What is required. Print exactly what the entries say, line by line, from the first line down to the one with "29119 Pearl Button Tweed Top", inclusive.

[Web page caption snippets]
*** Begin section ***

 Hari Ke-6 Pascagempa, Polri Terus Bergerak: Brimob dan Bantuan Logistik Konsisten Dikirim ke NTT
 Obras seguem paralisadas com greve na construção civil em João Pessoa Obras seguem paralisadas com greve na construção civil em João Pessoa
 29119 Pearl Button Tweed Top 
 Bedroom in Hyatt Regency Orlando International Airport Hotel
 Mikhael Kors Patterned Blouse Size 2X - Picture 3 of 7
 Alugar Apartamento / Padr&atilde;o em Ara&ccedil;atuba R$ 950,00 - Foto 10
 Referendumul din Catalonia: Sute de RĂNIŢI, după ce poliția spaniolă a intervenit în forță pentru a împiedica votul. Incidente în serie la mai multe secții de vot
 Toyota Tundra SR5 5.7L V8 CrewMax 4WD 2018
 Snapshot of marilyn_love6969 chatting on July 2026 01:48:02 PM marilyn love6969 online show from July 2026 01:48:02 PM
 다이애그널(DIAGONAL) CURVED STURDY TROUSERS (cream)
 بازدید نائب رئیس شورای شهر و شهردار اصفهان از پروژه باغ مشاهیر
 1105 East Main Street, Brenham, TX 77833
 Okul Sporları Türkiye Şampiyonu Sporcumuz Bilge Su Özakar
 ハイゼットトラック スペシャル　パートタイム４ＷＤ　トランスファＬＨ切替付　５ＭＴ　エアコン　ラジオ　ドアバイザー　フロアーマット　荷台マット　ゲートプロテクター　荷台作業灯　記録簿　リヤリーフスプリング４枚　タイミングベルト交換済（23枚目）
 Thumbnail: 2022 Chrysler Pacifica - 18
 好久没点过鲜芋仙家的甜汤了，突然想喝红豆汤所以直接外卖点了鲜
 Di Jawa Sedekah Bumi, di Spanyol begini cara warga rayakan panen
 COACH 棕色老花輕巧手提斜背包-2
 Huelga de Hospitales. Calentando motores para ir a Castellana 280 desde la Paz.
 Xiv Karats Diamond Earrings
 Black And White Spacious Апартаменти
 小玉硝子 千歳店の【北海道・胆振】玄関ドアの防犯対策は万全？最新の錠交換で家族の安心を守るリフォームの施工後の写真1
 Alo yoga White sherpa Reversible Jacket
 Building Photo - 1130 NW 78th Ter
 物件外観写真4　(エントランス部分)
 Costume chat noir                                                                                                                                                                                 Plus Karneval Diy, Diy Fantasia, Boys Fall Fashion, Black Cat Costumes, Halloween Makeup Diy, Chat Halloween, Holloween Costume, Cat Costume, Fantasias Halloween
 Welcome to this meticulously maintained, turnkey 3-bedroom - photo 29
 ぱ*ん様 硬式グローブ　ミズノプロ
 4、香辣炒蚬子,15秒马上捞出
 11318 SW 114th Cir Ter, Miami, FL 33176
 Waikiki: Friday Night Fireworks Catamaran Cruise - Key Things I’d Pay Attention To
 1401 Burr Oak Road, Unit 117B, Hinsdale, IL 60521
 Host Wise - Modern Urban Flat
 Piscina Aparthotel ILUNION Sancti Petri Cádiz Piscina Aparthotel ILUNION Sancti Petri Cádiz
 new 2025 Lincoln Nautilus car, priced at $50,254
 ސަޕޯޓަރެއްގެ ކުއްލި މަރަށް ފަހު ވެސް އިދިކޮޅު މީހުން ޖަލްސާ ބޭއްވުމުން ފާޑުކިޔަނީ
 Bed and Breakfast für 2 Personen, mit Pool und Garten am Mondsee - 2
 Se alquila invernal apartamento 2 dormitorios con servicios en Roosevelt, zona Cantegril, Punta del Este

*** End section ***

Written answer.
 Hari Ke-6 Pascagempa, Polri Terus Bergerak: Brimob dan Bantuan Logistik Konsisten Dikirim ke NTT
 Obras seguem paralisadas com greve na construção civil em João Pessoa Obras seguem paralisadas com greve na construção civil em João Pessoa
 29119 Pearl Button Tweed Top 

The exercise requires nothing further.